Epidemiological studies suggest that Cannabis use during adolescence confers an increased risk for developing psychotic symptoms later in life. However, despite their interest, the epidemiological data are not conclusive, due to their heterogeneity; thus modeling the adolescent phase in animals is useful for investigating the impact of Cannabis use on deviations of adolescent brain development that might confer a vulnerability to later psychotic disorders. Although scant, preclinical data seem to support the presence of impaired social behaviors, cognitive and sensorimotor gating deficits as well as psychotic-like signs in adult rodents after adolescent cannabinoid exposure, clearly suggesting that this exposure may trigger a complex behavioral phenotype closely resembling a schizophrenia-like disorder. Similar treatments performed at adulthood were not able to produce such phenotype, thus pointing to a vulnerability of the adolescent brain towards cannabinoid exposure.
This suggests that adult use may be less harmful.
The legal situation is actually more serious. The data is disputed and may be influenced by the politics of the drug using public. Two states have “legalized” marijuana. The Federal law still, of course, applies.
In the lead-up to the referenda in Mexico and Colorado, the Mexican Competitiveness Institute released a study estimating that Mexico’s cartels would lose $1.425 billion if the initiative passed in Colorado and $1.372 billion if Washington voted to legalize. The organization also predicted that drug trafficking revenues would fall 20 to 30 percent, and the Sinaloa cartel, which would be the most affected, would lose up to 50 percent.
But that’s a much more severe impact than the one predicted by the Rand Corp., which previously found that cartels would barely feel the pinch from legalization initiatives in the U.S. As Booth reported:
A 2010 Rand Corp. study estimated that legal marijuana use in California, a state that consumes about one-seventh of all the pot smoked in the United States, would cost the cartels 2 to 4 percent of their revenue. So losing consumers in states such as Washington and Colorado that have a smaller population might not affect the cartel bottom line by much.
National legalization would, of course, have a greater effect. Is it politically possible ? Probably not.

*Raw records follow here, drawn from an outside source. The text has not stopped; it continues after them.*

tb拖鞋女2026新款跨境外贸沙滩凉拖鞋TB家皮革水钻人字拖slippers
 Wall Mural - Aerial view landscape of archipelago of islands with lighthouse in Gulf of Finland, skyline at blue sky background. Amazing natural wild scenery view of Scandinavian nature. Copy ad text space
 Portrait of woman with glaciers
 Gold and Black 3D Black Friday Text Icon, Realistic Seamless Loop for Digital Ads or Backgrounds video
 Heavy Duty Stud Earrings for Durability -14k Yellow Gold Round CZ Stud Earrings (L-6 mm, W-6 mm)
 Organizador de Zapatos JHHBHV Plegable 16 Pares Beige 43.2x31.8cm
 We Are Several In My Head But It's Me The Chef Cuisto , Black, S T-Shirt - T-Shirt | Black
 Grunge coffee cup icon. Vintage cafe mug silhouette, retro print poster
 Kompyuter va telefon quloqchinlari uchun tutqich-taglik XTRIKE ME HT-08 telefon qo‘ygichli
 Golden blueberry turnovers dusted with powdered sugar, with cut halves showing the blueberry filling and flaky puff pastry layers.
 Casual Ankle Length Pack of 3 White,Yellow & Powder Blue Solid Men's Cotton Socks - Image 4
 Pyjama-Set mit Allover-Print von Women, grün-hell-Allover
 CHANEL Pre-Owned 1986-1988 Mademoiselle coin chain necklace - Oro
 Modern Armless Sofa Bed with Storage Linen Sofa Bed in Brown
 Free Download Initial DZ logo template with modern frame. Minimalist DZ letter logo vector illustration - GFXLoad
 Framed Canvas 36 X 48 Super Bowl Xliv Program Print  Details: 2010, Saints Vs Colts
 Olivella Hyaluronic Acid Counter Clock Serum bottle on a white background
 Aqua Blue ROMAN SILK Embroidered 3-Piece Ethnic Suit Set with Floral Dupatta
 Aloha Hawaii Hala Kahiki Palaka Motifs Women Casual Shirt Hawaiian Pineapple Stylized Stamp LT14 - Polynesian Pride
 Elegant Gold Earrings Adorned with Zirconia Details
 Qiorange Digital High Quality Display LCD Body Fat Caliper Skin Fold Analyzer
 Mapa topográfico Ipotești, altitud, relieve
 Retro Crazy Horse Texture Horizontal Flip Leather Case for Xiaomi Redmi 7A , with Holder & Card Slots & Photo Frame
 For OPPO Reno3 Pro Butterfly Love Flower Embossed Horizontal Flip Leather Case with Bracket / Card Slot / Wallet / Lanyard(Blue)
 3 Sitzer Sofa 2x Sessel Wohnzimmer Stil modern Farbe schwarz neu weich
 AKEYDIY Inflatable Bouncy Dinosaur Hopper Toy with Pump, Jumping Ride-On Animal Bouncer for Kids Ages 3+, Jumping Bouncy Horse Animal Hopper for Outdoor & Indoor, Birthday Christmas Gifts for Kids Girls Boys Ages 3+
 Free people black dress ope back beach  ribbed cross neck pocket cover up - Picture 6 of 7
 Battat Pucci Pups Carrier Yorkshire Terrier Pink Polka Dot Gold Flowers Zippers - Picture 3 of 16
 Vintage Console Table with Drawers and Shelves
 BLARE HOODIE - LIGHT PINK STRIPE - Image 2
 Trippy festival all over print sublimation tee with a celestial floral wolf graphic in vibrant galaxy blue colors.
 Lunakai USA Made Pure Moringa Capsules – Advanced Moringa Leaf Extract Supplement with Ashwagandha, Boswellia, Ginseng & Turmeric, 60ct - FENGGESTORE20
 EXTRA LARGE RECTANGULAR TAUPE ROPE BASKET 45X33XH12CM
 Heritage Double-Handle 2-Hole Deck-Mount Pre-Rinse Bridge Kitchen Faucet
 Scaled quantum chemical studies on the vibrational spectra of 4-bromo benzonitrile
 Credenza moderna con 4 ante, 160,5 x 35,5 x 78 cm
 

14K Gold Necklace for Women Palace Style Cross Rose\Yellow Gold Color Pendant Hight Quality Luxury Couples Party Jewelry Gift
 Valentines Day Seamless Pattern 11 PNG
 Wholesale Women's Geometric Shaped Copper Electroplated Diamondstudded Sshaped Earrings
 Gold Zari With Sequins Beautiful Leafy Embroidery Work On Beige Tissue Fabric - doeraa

What about other drugs ? It has been written by prominent people that we are losing the war.
I have been concerned about the drug issue since I became secretary of labor in 1969, my first cabinet position in the Nixon administration. There was growing worry back then about the damage inficted on individuals and society by the use of addictive drugs, so an informal effort was started to keep these drugs out of the United States. The late Senator Daniel Patrick Moynihan, a friend of mine who was then counselor to the president, worked diligently on this problem. I was concerned but skeptical about the effectiveness of this approach to the issue, which focused on stopping the flow of drugs into the United States while seeming to overlook the growing demand for drugs from within our country.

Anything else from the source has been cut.